Whether trading speed for altitude or cost for capability, military aviation requires compromise. The current trend in United States airpower has been to acquire fewer aircraft with an emphasis on the ability to complete a wide variety of missions. Fifth generation aircraft such as the F-22 and F-35 further blur the lines of traditionally distinct roles such as air superiority and strike capability. The ability to succeed in this wide variety of missions comes at a very real price.
This trade off between multiple missions and operating cost has come sharply into focus as coalition forces have launched repeated airstrikes against the Islamic State. This increased operational pace comes at a time that the number of planes available to the USAF is at an all-time low. This is not just an issue of budget sequestration and maintenance, but of acquisition. The USAF acquired more aircraft in the early 1950s than it did from 1956 to 2011.[i] The repeated delays in acquisition of the F-35 has left the United States in a tenuous position with regard to airpower readiness – a shrinking number of aging planes are required to conduct more strikes in a permissive environment at a high operating cost.
It is impossible to separate these issues from the operational environment in the Middle East and on Capitol Hill. The use of aircraft designed to penetrate highly sophisticated integrated air defenses is not conducive to waging a war at low cost. High-end capabilities are not problematic if used as the result of a conscious choice, rather than a lack of other options. However, the pace of operations against the Islamic State shows no sign of letting up, to say nothing of the intractable problem of Afghanistan and the suddenly intensifying conflict in Yemen. The Air Force has taken steps in both the interim and the longer term to mitigate these concerns. Most immediately, the fight to save the A-10 from retirement has kept a lower cost workhorse in the fight. The A-10 is an extremely useful platform in uncontested airspace and can save the wear and tear of operational flight use of more advanced aircraft. It is an imperfect solution, however, its age means that A-10 operations are becoming increasingly expensive to support. Age, along with a “low and slow” attack profile makes the A-10 vulnerable should it ever be called upon to operate in an environment with anything resembling a modern integrated air defense system armed with the S300,
High-end capabilities are not problematic if used as the result of a conscious choice, rather than a lack of other options.

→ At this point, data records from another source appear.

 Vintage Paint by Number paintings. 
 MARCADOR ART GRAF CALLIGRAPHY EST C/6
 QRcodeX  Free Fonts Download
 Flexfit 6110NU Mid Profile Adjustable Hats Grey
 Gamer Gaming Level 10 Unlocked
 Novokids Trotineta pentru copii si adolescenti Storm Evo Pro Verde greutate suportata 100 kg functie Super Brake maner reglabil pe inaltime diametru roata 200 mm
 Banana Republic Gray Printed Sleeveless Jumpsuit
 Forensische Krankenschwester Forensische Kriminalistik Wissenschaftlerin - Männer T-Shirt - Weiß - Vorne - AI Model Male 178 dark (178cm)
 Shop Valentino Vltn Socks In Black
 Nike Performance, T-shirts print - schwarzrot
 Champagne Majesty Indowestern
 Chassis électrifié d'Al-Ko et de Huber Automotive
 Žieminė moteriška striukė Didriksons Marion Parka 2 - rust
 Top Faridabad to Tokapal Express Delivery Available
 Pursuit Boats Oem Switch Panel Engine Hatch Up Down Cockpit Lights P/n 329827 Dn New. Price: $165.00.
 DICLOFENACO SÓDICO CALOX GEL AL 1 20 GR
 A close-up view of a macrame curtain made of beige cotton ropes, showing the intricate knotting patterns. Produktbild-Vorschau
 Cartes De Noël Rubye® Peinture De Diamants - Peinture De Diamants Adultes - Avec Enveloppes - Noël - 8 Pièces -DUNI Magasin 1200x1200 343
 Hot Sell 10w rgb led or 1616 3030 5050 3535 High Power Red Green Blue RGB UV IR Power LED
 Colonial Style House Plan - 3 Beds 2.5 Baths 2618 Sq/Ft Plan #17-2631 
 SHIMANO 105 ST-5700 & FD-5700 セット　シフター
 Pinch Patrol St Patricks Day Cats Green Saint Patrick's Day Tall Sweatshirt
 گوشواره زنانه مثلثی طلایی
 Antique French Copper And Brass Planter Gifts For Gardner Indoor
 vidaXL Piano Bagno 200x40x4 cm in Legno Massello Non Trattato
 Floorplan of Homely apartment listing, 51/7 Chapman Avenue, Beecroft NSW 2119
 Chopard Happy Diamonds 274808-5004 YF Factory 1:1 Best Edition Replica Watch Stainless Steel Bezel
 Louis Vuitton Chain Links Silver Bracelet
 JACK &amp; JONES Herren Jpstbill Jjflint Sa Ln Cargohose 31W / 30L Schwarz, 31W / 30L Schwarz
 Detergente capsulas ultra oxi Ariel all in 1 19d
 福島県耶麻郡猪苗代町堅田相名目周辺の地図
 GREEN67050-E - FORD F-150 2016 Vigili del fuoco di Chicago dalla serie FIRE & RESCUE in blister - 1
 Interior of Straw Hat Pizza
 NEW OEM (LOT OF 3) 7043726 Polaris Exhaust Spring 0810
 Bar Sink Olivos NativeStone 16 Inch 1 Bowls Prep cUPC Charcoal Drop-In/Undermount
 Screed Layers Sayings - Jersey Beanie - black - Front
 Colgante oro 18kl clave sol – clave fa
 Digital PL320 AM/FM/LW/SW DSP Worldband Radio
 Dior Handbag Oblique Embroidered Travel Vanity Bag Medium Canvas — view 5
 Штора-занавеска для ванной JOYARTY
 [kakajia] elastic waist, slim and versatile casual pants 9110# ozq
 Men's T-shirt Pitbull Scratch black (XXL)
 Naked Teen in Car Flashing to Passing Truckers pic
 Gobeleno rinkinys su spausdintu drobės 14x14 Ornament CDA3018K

Service and industry leaders have stepped up calls for a new aircraft to fill this role: the light attack aircraft. Countries such as the United Arab Emirates, Yemen, Jordan, and Kenya have turned to converted civilian aircraft such as the AT-802 and Thrush to provide strike capability at a price point that is within reach for developing nations. Multiple South American and African countries fly the Embraer 314 Super Tucano, an airframe also flown by the Afghan Air Force (AAF) as the A-29. In the case of the AAF A-29, the aircraft have come with substantial training and logistical support as well as in-country advising by US and coalition forces.
The formal announcement by Acting Secretary of the Air Force Lisa Disbrow of United States intent to acquire a light attack aircraft takes these considerations out of the hypothetical and projects them with some certainty on to the current and future battlefield. The winner of the light fighter acquisition program may come from another current acquisition––the T-X program. The United States Air Force has envisioned the T-X program as a competition to replace it’s aging inventory of T-38 Talons, used as the primary advanced trainer. This competition to develop the next generation Air Force fast jet trainer has attracted substantial interest, with Stavatti, Boeing, Lockheed, Northrop Grumman, Leonardo, and Sierra Nevada all expressing interest. Outside of the eventual winner of the T-X program, the USAF may consider the Textron AirLand Scorpion, Beechcraft AT-6, and the A-29 for light strike missions. The Textron AirLand Scorpion was privately developed specially for light attack, but remains a dark horse T-X candidate. Within the United States, support for the A-29 has been mixed, and although the Super Tucano is built in the United States, objections to its Brazilian heritage have been lodged. Beechcraft has been most vocal in these complaints, putting forth their AT-6 as a locally developed and built option in the light strike category.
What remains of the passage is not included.